Auto Feature Engineering Workflow
Introduction
Auto Feature Engineering helps to shorten the time required for data scientists to process and transfomr large-scale raw tabular dataset to ready-to-train features, reducing the necessity of human domain-specific knowlege to explore and identify new useful features, and thus enabling data scientists to be able to focus and iterate on the rest stages of the E2E AI pipelines more efficiently.
The workflow leverages Intel Auto-Feature-Engineering toolkit (codename: RecDP) to automatically transform raw tabular data to enriched usefull new features on pluggable exuection engine such as Pandas and Spark, with the capability of integrating 3rd party feature engineering primitives, and thus significantly improve developer productivity and efficiency.
Check out more workflow examples in the Developer Catalog.

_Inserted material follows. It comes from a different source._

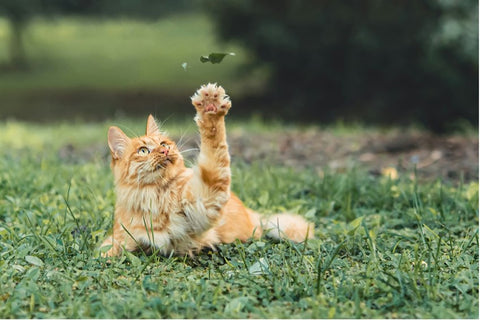 Decoding The Mystery: Understanding Your Cat's Behaviour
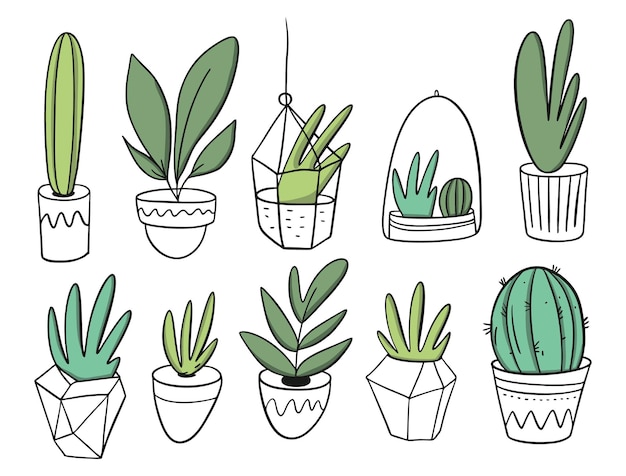 Grandes plantas en macetas blancas. estilo de dibujos animados. aislado. |  Vector Premium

Solution Technical Overview
Auto feature engineering targets to simplify Feature engineering process with enhanced performance via parallel data processing frameworks, automated data processing pipeline and built-in domain-specific feature engineering primitives. This repository provides an end-to-end workflow that automatically analyzes the data based on data type, profiles feature distribution, generates customizable feature engineering pipelines for the data preparation and execute the pipeline parallelly with different backend engines on Intel platform.
This workflows leveraged the RecDP toolkits from Intel® End-to-End AI Optimization kit and the features can be used by both ML and DL models.
Solution Technical Details
Steps explained:
- Feature profile: Analyze raw tabular dataset to infer original feature based on data type and generate FeatureList.
- Feature engineering: Use inferred FeatureList to generate Data Pipeline in Json/Yaml File format.
- Feature transformation: Convert Data Pipeline to executable operations and transform original features to candidate features with selected engine, currently Pandas and Spark were supported.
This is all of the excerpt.